On dit que la France, au XVIe siècle, a manqué son rendez-vous avec le Monde, puisqu’elle n’aurait pris aucune part à l’épopée de l’exploration des sociétés lointaines – flirtant avec le Brésil, mais boudant l’Asie. Pourtant, deux capitaines dieppois, Jean et Raoul Parmentier, conduisent jusqu’à l’île de Sumatra, en 1529, deux nefs de fort tonnage. Ils en ramènent des plaies, des bosses et un peu de poivre. Aujourd’hui oubliée, leur navigation fut érigée au XIXe siècle en preuve incontestable d’une contribution française glorieuse à la geste des Grandes découvertes. C’est toute la Renaissance occidentale qui aurait débarqué, sous pavillon tricolore, en Insulinde.
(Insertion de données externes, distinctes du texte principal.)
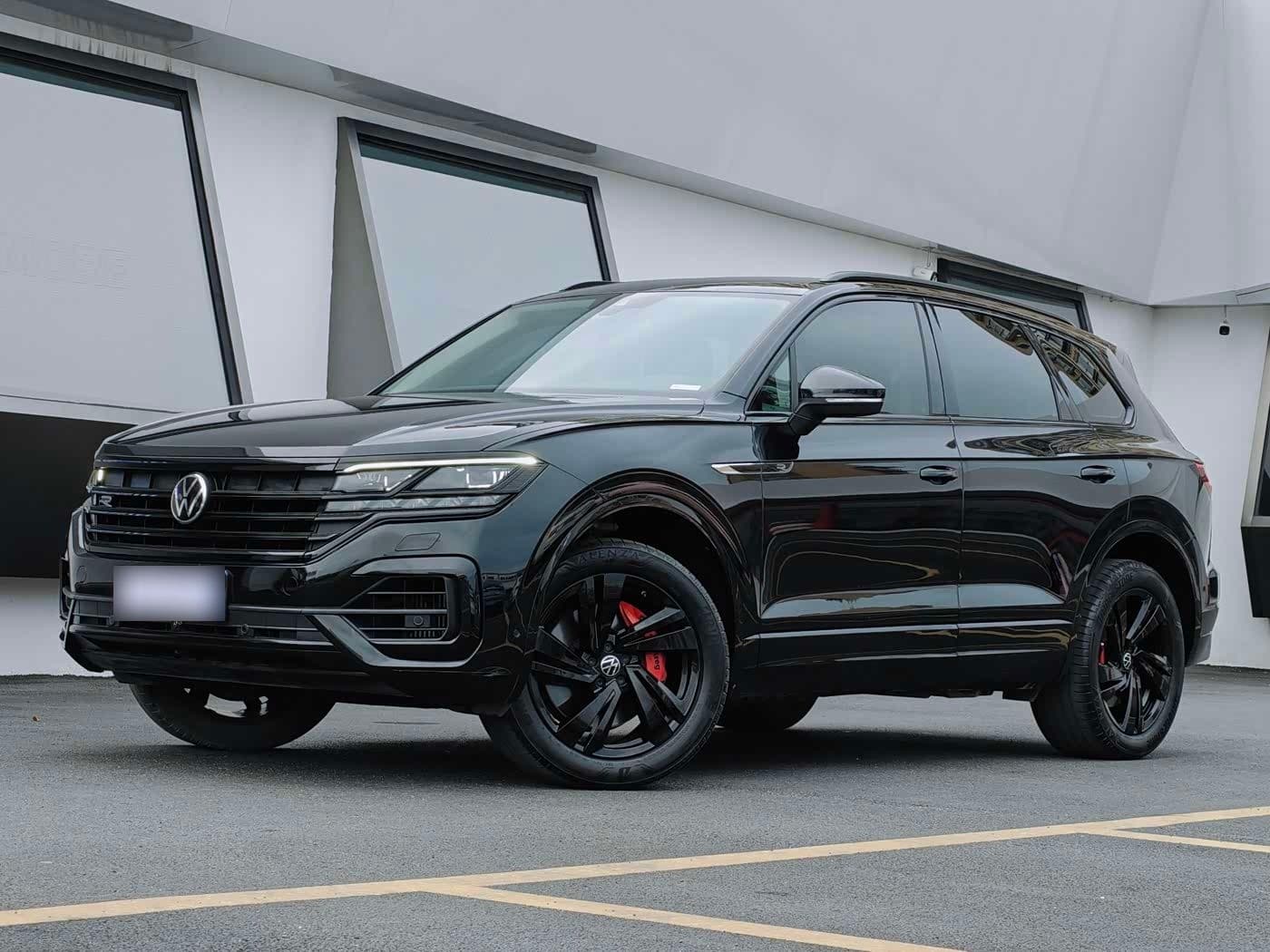 2023 Volkswagen Touareg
La fable est flatteuse pour l’idée que nous nous sommes longtemps faite de nous-mêmes comme de pionniers, voire de missionnaires de la « modernité ». Il n’est pas certain qu’elle résiste à l’examen. Menée en archives et dans les méandres des chroniques, l’enquête oblige à s’intéresser d’un même mouvement au monde des marins normands et à celui des négociants malais, à la cour de François Ier et à celle du sultan de Tiku, à la poésie mariale du « Puy » de Rouen et à celle des maîtres de mystique musulmans. Ce qui se joue alors le long du troisième parallèle, lorsque les Dieppois font relâche à Sumatra, ne se comprend qu’à condition de rouvrir les portes de la comparaison – entre l’Europe et l’Asie du Sud-Est aussi bien qu’entre le savoir des « gens de mer » et celui des érudits. En nous aidant à contempler, défardées, nos grandes déconvenues, cette traversée nous invite à penser la « modernité » au pluriel et la Renaissance au conditionnel.